Mailing List Archive

Failure cenarios?
I have come to understand that in some builds under some conditions varnish
may hang or a crash. (we run 1.0.4-3el4.i386.rpm)

I have now routed all our ~180 sites troug varnish, pipe by default, cached
for selected hostnames. Talk a bout all ones eggs in one basket :)

The way it is all set up, we have varnsih on port 80 on one IP and apache on
80 on another whch is not in use for anything directly.
If anything should hapen to varnish, or we need to upgrade or anything, 3
lines to netfilter wil reroute all the trafic directly to apache.

Now the question is, how do I best detect if varnsih should have a problem?
Would it be reasonably reliable to just chek if the pid
from /var/run/varnish.pid is running, do I need to fetch a page, or is there
some better way?

Gaute
Failure cenarios? [ In reply to ]
----- Gaute Amundsen <gaute at pht.no> wrote:
> I have come to understand that in some builds under some conditions
> varnish
> may hang or a crash. (we run 1.0.4-3el4.i386.rpm)

Hi Gaute,

I'll just say that in my experience Varnish has proven itself to be extremely stable. We actually run 1.0.3 across the board (yes I know there are known bugs, however we do not experience them at all) and Varnish currently serves up all requests at www.startsiden.no and www.abcnyheter.no. If anything breaks, it has not so far been varnish.

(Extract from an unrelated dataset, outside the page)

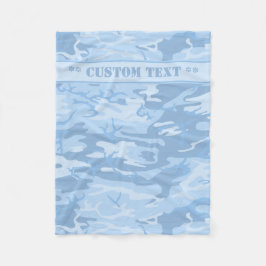 Blaue Camouflage mit benutzerdefiniertem Text Fleecedecke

However our scenario is pretty different from yours, we have very few vhosts but each has a very high amount of traffic. There is little or no advanced VCL configuration at all on our sites. We're pretty close to the default. The two sites have a different setup with regards to placement of Varnish. One site runs with dedicated varnish servers, the other has varnish and apache2 on the same box.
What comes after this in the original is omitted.